Narsis Boleh Dong! Proses Bikin Buku Korek Skubek

Hahaha… kaget juga ditag foto di profil Facebook saya. Dikirimi Ferrey Dellon, mantan mekanik Kymco Bintaro. Ini foto saya ketika mengorek atau porting head Yamaha Mio.

Ketika itu dilakukan di markas BRT (Bintang Racing Team). Sebelum dilakukan pengukuran dengan flowbench, lubang isap dan buang dikorek lebih dulu. Untuk Yamaha Mio bore up s/d 150 cc optimum lubang isap 112 cfm dengan klep isap 29 mm.

Motor-motor korekan saya pernah dipakai Rey Ratukore, Heru Susanto, Andry Dry dan Dendi Bre. Beberapa piala berhasil di kumpulkan dari ajang matic race atau kelas matic 150 cc suporting race di MotoPrix.

Banyak yang  bertanya kenapa saya bikin motor balap? Modalnya Yamaha Mio buat antar anak sekolah disulap jadi motor racing.  Dibalik itu saya riset untuk bikin buku korek skubek. Saya benar-benar menyelami sebagai mekanik balap. Agar data-data yang didapat bukan katanya.

Saya punya bekal sarjana teknik mesin didukung konsultasi dengan Tomy Huang, bos BRT. Sekaligus pinjam dinotes dan flowbench untuk pengukuran yang akurat. Banyak masukan dari Mariasan Kocek (JP Racing Kawahara), Imam Santoso (mekanik Conection Titan), Suri Em Push, Akiang, Adlan Songa dan Ibnu Sambodo.

Berkat orang-orang itu saya seperti belajar cepat. Alhamdulillah motor korekan saya sanggup bersaing dengan hasil mekanik papan atas. Terima kasih ilmunya brother. Membuat motor korekan selalu berada di rombongan depan.

Hasilnya sebuah buku yang sudah beredar sejak beberapa tahun lalu. Buku ini dibuat bukan berdasar kira-kira atau katanya. Selalu mengikuti teori buku Four Stroke Performance Tuning karya Graham Bell dan buku-buku luar lainnya. Juga dilakukan pengukuran dan pengujian di laboratorium dan lapangan.

Ini cover bukunya,  gambarnya Yamaha Mio hasil korekan saya ketika digeber Dendi Bre di MotoPrix Seri 1 tahun 2010 di Kemayoran. Difoto sedang posisi nomor 1 kelas bore up 150 cc.   Alhamdulillah laku, banyak yang melacak buku ini.

Perihal aongmotorplus
Saya reporter di media motor, tepatnya MOTOR Plus dari Kompas Gramedia Group

11 Responses to Narsis Boleh Dong! Proses Bikin Buku Korek Skubek

  1. artbar mengatakan:

    ane sudah baca bang…bukunya bagus banget ko….
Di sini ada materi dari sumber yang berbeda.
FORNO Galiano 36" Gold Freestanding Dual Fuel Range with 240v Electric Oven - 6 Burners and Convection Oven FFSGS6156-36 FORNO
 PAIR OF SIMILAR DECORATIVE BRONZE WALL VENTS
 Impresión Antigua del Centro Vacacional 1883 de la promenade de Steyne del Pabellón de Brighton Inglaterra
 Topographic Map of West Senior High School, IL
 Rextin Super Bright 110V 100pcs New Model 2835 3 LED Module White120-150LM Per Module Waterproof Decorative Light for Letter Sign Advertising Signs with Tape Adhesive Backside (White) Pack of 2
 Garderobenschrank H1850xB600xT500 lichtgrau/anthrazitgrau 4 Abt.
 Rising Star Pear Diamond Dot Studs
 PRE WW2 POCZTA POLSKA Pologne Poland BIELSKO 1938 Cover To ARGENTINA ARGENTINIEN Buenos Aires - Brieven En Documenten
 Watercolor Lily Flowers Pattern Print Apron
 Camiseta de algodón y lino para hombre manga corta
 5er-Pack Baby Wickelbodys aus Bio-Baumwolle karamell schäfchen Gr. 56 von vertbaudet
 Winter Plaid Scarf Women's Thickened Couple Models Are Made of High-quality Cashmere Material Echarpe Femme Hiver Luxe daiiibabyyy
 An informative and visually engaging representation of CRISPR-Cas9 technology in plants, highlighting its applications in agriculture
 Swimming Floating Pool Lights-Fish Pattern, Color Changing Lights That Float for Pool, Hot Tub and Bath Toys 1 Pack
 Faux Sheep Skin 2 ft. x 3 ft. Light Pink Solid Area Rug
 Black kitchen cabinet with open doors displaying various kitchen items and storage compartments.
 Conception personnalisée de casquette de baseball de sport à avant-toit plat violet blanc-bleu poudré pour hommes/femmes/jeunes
  2. miftahurrohman mengatakan:

    Ini teh fotonya Bang Aong?wahh hebat yy jago ngorek juga..

  3. David mengatakan:

    permisi bro Aong..dmn bisa dapatin buku itu lg?copy an-nya jg boleh T_T

  4. Andika Sulis Pratama mengatakan:

    cara mendapatkan buku ini ,,, dimana yahh ,,, susah melacak’a ….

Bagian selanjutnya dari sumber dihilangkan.